■ INFORMATION SUPPLIED:
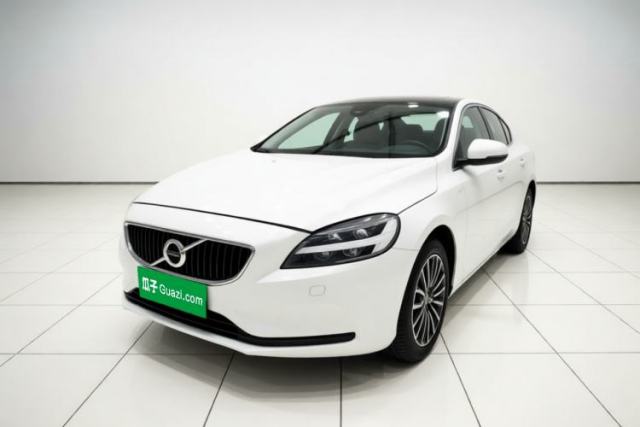 Volvo V40 2017 T3 Zhiyi Edition usata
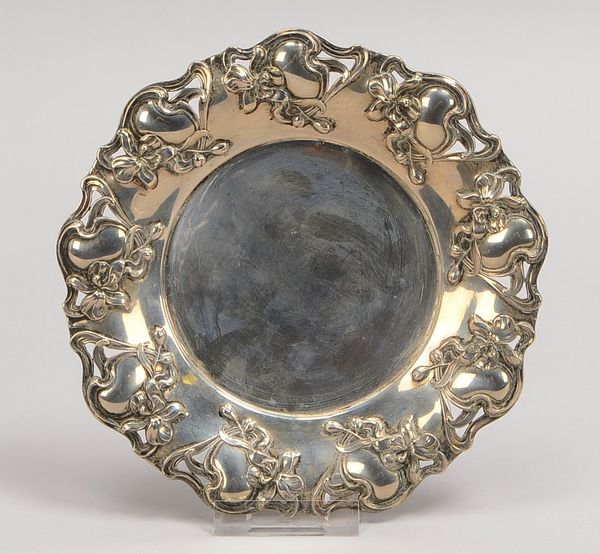Teller (Jugendstil), 800 Silber, Rand mit flor. Reliefdekor/partiell durchbr.; Gew. 178 g
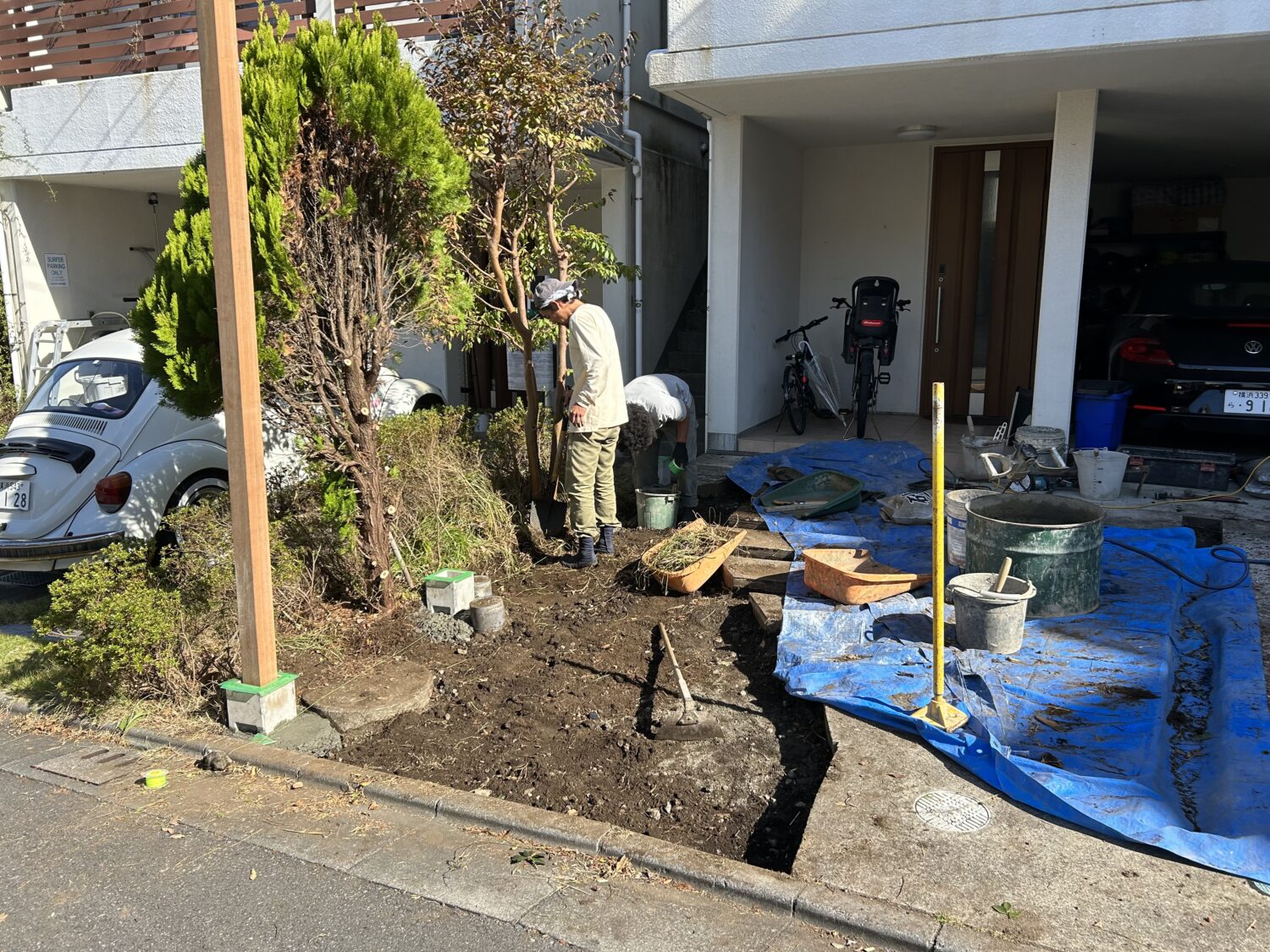 葉山町にてウッドフェンス&土間コン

■ TASK DESCRIPTION: Leaving the pictures out, write out all the material above exactly.

■ OUTPUT BELOW:
 Volvo V40 2017 T3 Zhiyi Edition usata
Teller (Jugendstil), 800 Silber, Rand mit flor. Reliefdekor/partiell durchbr.; Gew. 178 g
 葉山町にてウッドフェンス&土間コン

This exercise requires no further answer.